La resurrección de Jesús y la resurrección de los justos son una doctrina en la que creemos nosotros, pero que raramente predicamos o nos interesamos en leer. Aunque he buscado en varias librerías un libro especialmente relacionado con el tema de la resurrección, todavía no he podido comprar ningún libro de ningún tipo relacionado con el tema; y cuando busqué en las obras del doctor Owen, que constituyen una mina inapreciable del conocimiento divino, y que contienen mucho que es valioso casi sobre cualquier tema, escasamente pude encontrar, incluso allí, más que una ligera mención de la resurrección. Ha sido clasificada como una verdad bien conocida, y, por tanto, no ha sido discutida nunca. No han surgido herejías relacionadas con ella; casi habría sido una misericordia si hubiesen surgido, pues siempre que una verdad es disputada por los herejes, los ortodoxos luchan denodadamente por ella, y el púlpito resuena con ella cada día.

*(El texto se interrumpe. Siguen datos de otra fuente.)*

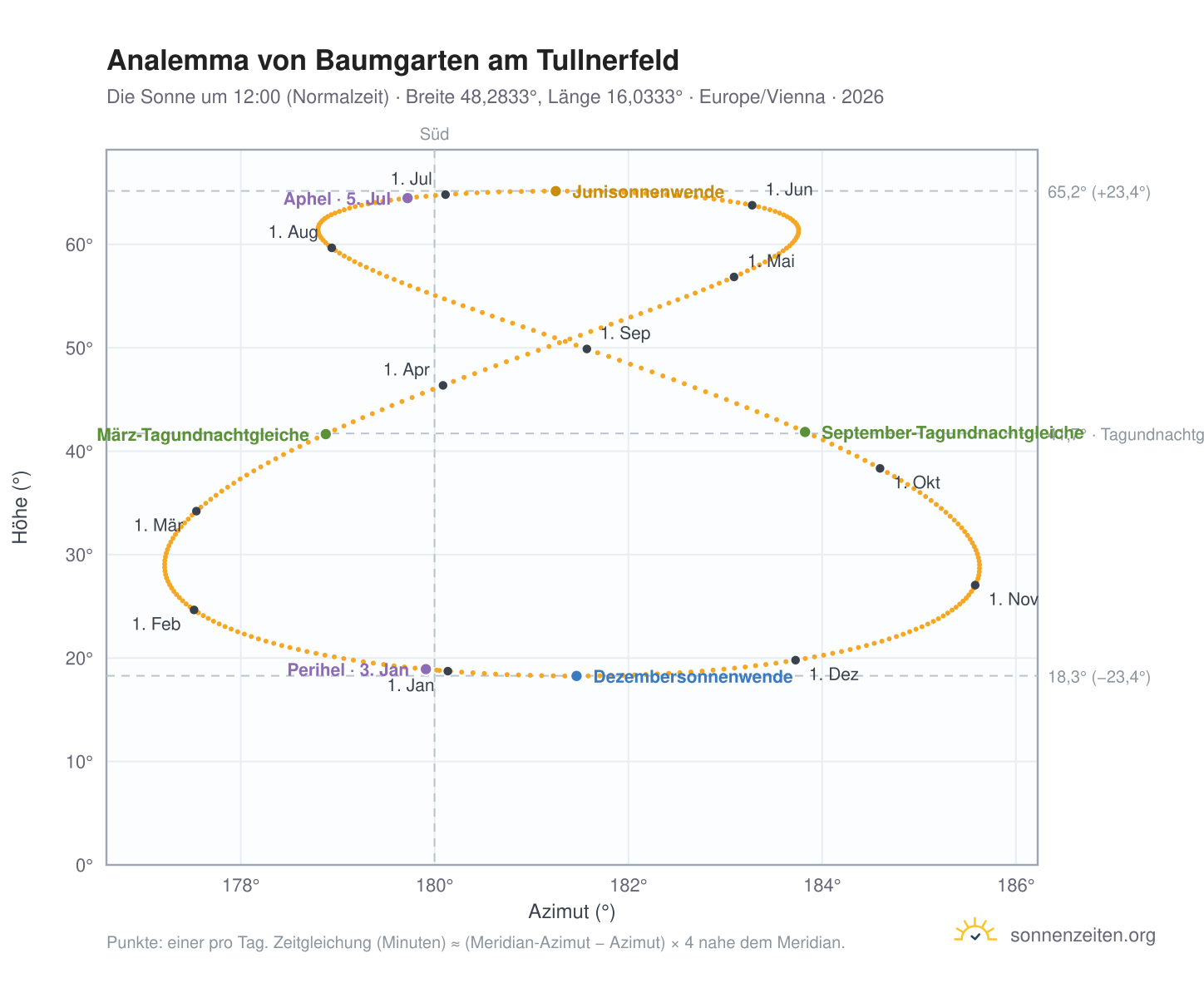 Analemma-Diagramm für Baumgarten am Tullnerfeld: die Sonne um 12:00 (Normalzeit) im Jahresverlauf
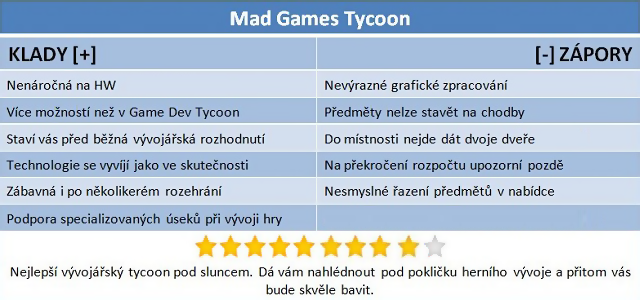 Mad Games Tycoon – šílená zábava s partou workholiků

Sin embargo, estoy persuadido de que hay mucho poder en esta doctrina; y si la predico esta mañana, verán que Dios reconocerá la predicación apostólica, y habrá conversiones. Pretendo ponerla a prueba ahora, para ver si no hubiera algo que no podemos percibir en el presente en la resurrección de los muertos, que sea capaz de mover los corazones de los hombres y llevarlos a sujetarse al Evangelio de nuestro Señor y Salvador Jesucristo.
Hay muy pocos cristianos que creen en la resurrección de los muertos. Podrían asombrarse al escuchar eso, pero no me sorprendería si descubriera que tú mismo albergas dudas con respecto a ese tema. Por la resurrección de los muertos se quiere expresar algo muy diferente de la inmortalidad del alma que cada cristiano cree, y en eso está a nivel con el pagano, que cree también en ella. La luz de la naturaleza es suficiente para decirnos que el alma es inmortal, así que el infiel que lo duda, es un necio peor que un pagano, pues éste, antes que la Revelación fuera dada, lo había descubierto: hay débiles vislumbres en los hombres de razón que enseñan que el alma es una cosa tan maravillosa que ha de perdurar para siempre.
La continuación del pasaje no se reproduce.